Should you decide you want to take a Cabbage Patch Kid home, there's more to it than waiting in a check-out line.

Small rooms are set aside for visitors who would like to "adopt."

"When you adopt a Cabbage Patch Kid, the originals, they take you in and you go through the process," McLean said. "You have to fill out the paperwork and things like that, so they take you in and you take the oath of adoption."

A 3,800-square-foot conference room also is located at the new facility, where groups can reserve the ballroom for meetings, parties or weddings.
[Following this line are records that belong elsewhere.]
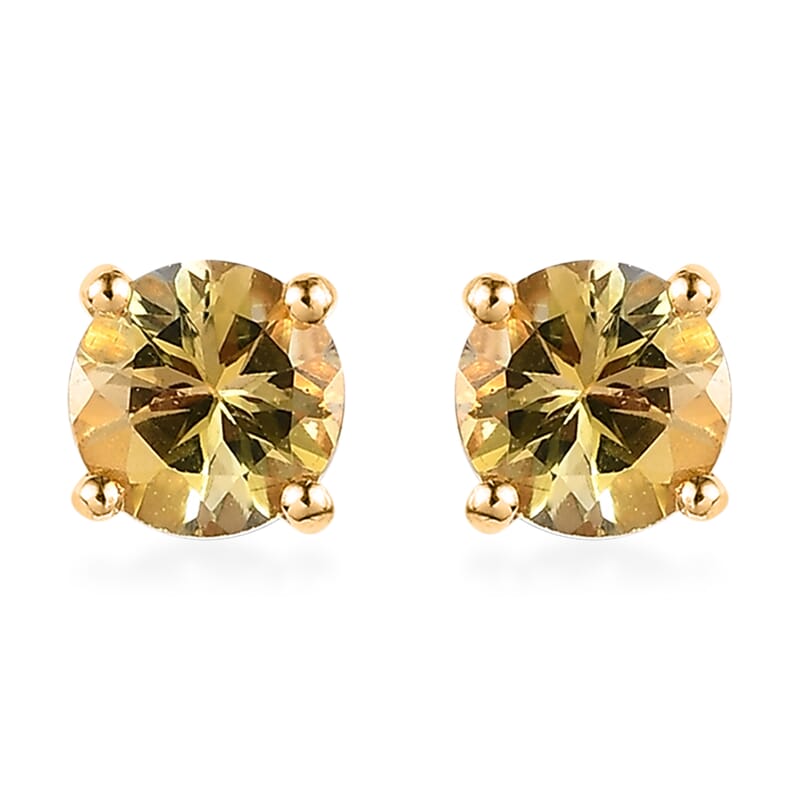 Golden Tanzanite Solitaire Stud Earrings in Vermeil Yellow Gold Over Sterling Silver 1.00 ctw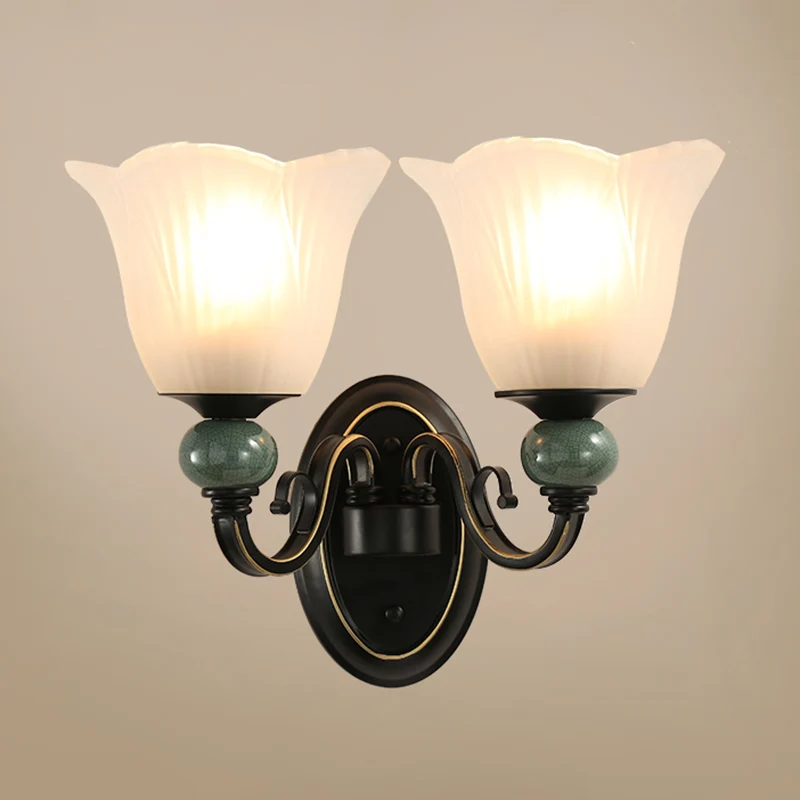 Geribbelde glazen bloemenwandverlichting Retro-stijl woonkamer wandlamp zwart Clearhalo
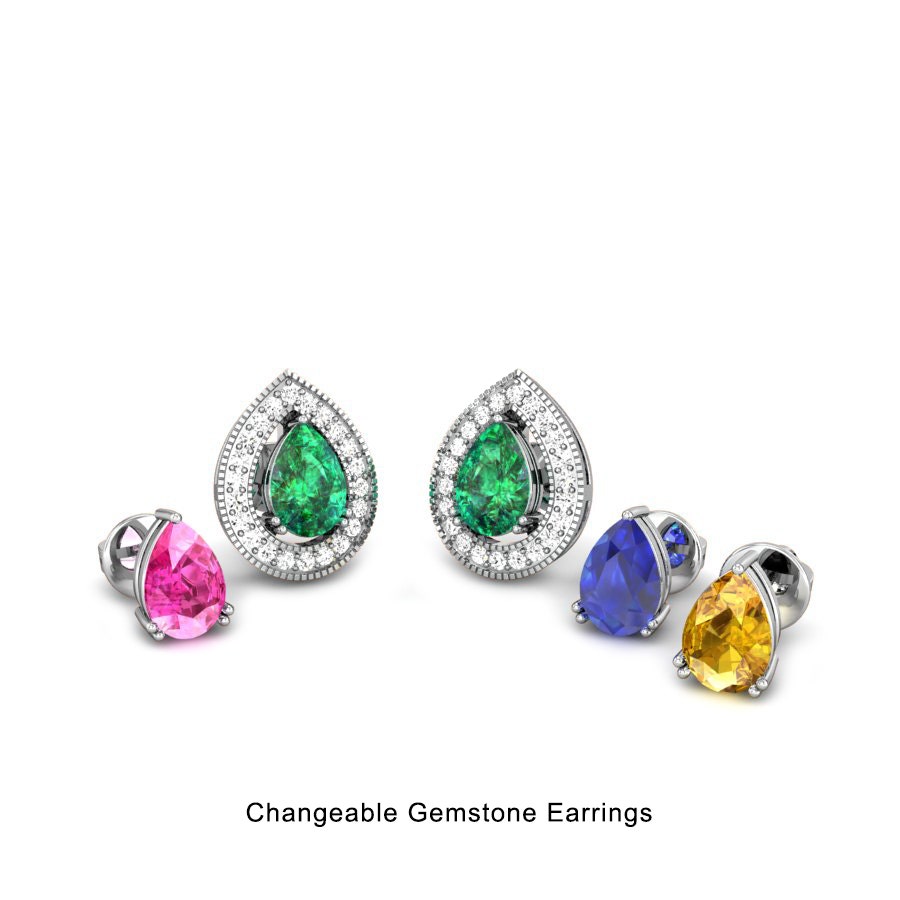 Amulya Changeable Gemstone Earrings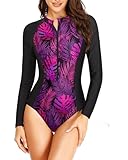 Daci Women Rash Guard Long Sleeve One Piece Swimsuit Zipper Surfing Purple Leaves Bathing Suit UPF 50 L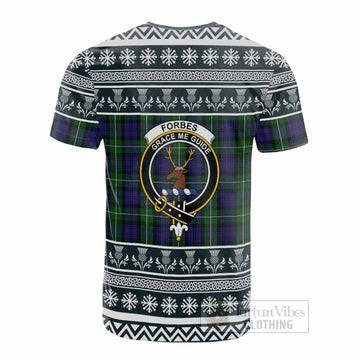 Forbes Clan Tartan Christmas Cotton T-shirt with Family Crest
Big Cabbage Patch Kid fans also can arrange to have their birthday party at BabyLand.

"We've got another room that is only set up for birthday parties," McLean said. "So children can come in and celebrate the birthday and then they have the opportunity to name the baby that is born from the Cabbage Patch.

"So they're there to celebrate a birthday also, so that's kind of a fun thing. They enjoy that."

McLean said BabyLand supplies giveaways, invites and party space, while parents are responsible for food at the parties.

The official grand opening of the new facility is set for May 8, but the Easter Eggstravaganza, a Cleveland tradition that includes egg hunts, a parade and arts and crafts, will be held at BabyLand on March 27.